Part 5: Counties Trending More and More Toward the Democratic Party
There are only 5 counties in Oregon which are trending more and more democratic in both their registration and voting patterns, Hood River being one of them as we’ve been discussing. But they play an out sized role in their influence on Oregon elections because they contain the three most populous counties in the state. The other four counties are Benton, Clackamas, Multnomah, and Washington. You will see the graphs showing the correlation between registration and voting for three of them. In order to make these graphs be more accurate portrayals of how these counties have been registering and voting since 1988, logarithms will be used to characterize the voting and registration behavior of each county. As a result it will be helpful to make a couple of points regarding interpretation of these graphs.
- The horizontal axis is representing the number of people registered republican compared to the number of people registered as democrats. At zero on the axis there are the same number of registrants for each party. Numbers greater than zero represent a greater number of republicans registered than democrats, and of course the larger the number the more republicans there are for each registered democrat. Conversely, numbers less than zero represent a greater number of democrats registered and the more negative the number the more democrats there are for each registered republican. At 0.3 there are roughly 2 registered republicans for each registered democrat, and at -0.3 there are roughly 2 registered democrats for each registered republican.

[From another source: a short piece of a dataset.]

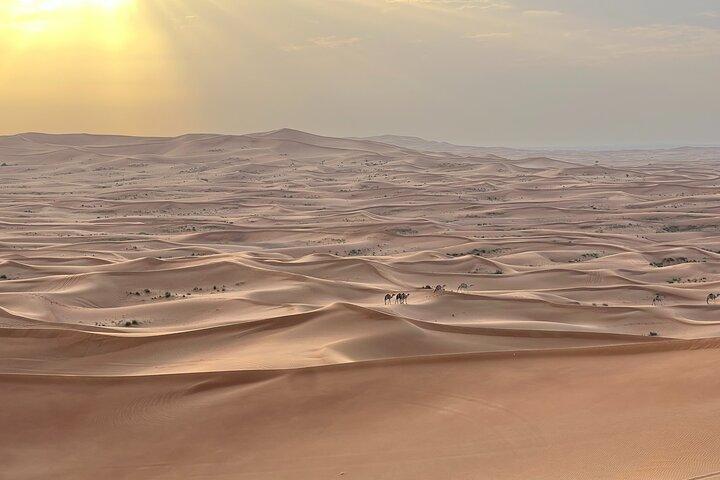 Dubai Desert Safari, Camel, Live BBQ & Shows (Private 4x4 Car)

- In the same way the vertical axis on each graph follows the same rules but for votes. Zero represents voting as an exact tie in voting between the republican candidate and the democrat candidate for president. +0.3 represents 2 republican votes for each democrat vote, and -0.3 represents 2 democrat votes for each republican vote.

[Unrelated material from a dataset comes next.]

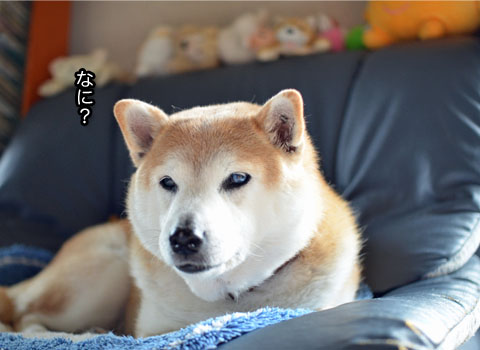 6日ブログ9.jpg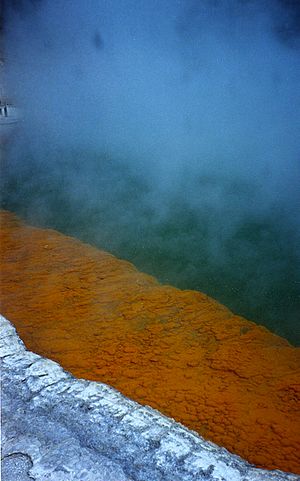 Iron oxide salt deposits at the edge of a geothermal lake in Waimangu Volcanic Valley, Rotorua, New Zealand - panoramio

- The point representing the 2020 election is not represented with a label but with a circle around the dot. I looks like this:
- In the first graph for Washington county the areas on the graph representing where the county would both be registered and vote democratic is shown in light blue shading, and the area of the graph where the county is both registered and votes republican is represented with light red shading. The areas without shading (i.e. in white) is where the county registered one way but would have voted another.
- Statisticians: The numbers the horizontal axis are the base 10 logarithm of the ratio of republican registrations to democratic registrations. And the number on the vertical axis is the base 10 logarithm of the ratio of the republican votes to democratic votes. Or Log(R/D) registrants or votes.
With this as a background have a look at Washington County with some annotations to help us get used to this last type of graph which will lead us to easily picture the behavior in each county.
Looking at this graph you can see that in the elections from 1988 through 2004 the county had more registered republicans than democrats (the dots representing those elections are further to the right), but after 1988 they began to vote more democratic (the dots are below the zero line and the red shaded area). You can also easily see that a dramatic shift toward registering and voting democratic began in 2008 (the 2008 dot was well into the blue shaded area), and has mostly continued moving more and more democratic through the 2020 election. The line represents the mathematical model which predicts how the county would vote based on their registration according to the results of the elections from 1988 through 2016, and you can see that the voting patterns in 2020 were almost exactly in line with how the county voted in past elections. So once again, the model is a good predictor of how people actually voted in this county.
Two of the other democratic trending counties show the same trends as shown by these graphs:
Both Hood River and Benton counties have in general been registered and voted democratic since 1988. The same can be said for Multnomah county but there is a little difference. Here is the graph for Multnomah:
Visually this looks similar to Hood River, but when you run the statistics on it you find that 2020 was actually slightly different from past elections. The difference was only 1.47%, but since the past elections in Multnomah followed the trend line so closely this difference is statistically significant (at 99% confidence, using a two tailed test). So it can be said with a fair degree of confidence that Multnomah actually voted more strongly for Trump in 2020 than would be expected based on the county’s voting history. It interesting to note that the same can be said for the 1988 election.
Clackamas county is unique in a different way.
Basically, Clackamas county did not consistently follow their registration pattern at all. In 1988 they voted republican even though being registered more democratic. In 1992 they registered slightly more republican but voted more democratic. They voted for Clinton in 1992 and 1996, but starting in 1996 they had more republican registrants and voted for George W. Bush in the next two presidential elections. Then beginning in 2008 they swung much more democratic in both registration and voting, and only wavered away from that a little in 2012. The R2 number shown in the upper left corner of each graph is a measure of how well the various elections fit the mathematical model. Unlike most of the counties in Oregon, the voting behavior in Clackamas county is not easily predicted. So even though the variation from the model was 2.44% in 2020 (much larger than Multnomah’s 1.47% variation) it cannot be labeled as a statistical aberration because that kind of variability is normal for this county. Common sense tells you that the 2020 election in Clackamas doesn’t look too unusual. In these articles the graph for each county will be labeled with a statement about whether the 2020 election was different from what the model predicts.
A patriot’s prayer: Father God, Solomon said it was the glory of God to conceal a matter, but the glory of kings to search out a matter. We aren’t all kings, but we have some resources to use in this search for truth, and feel honored and grateful to have the opportunity to search out this matter.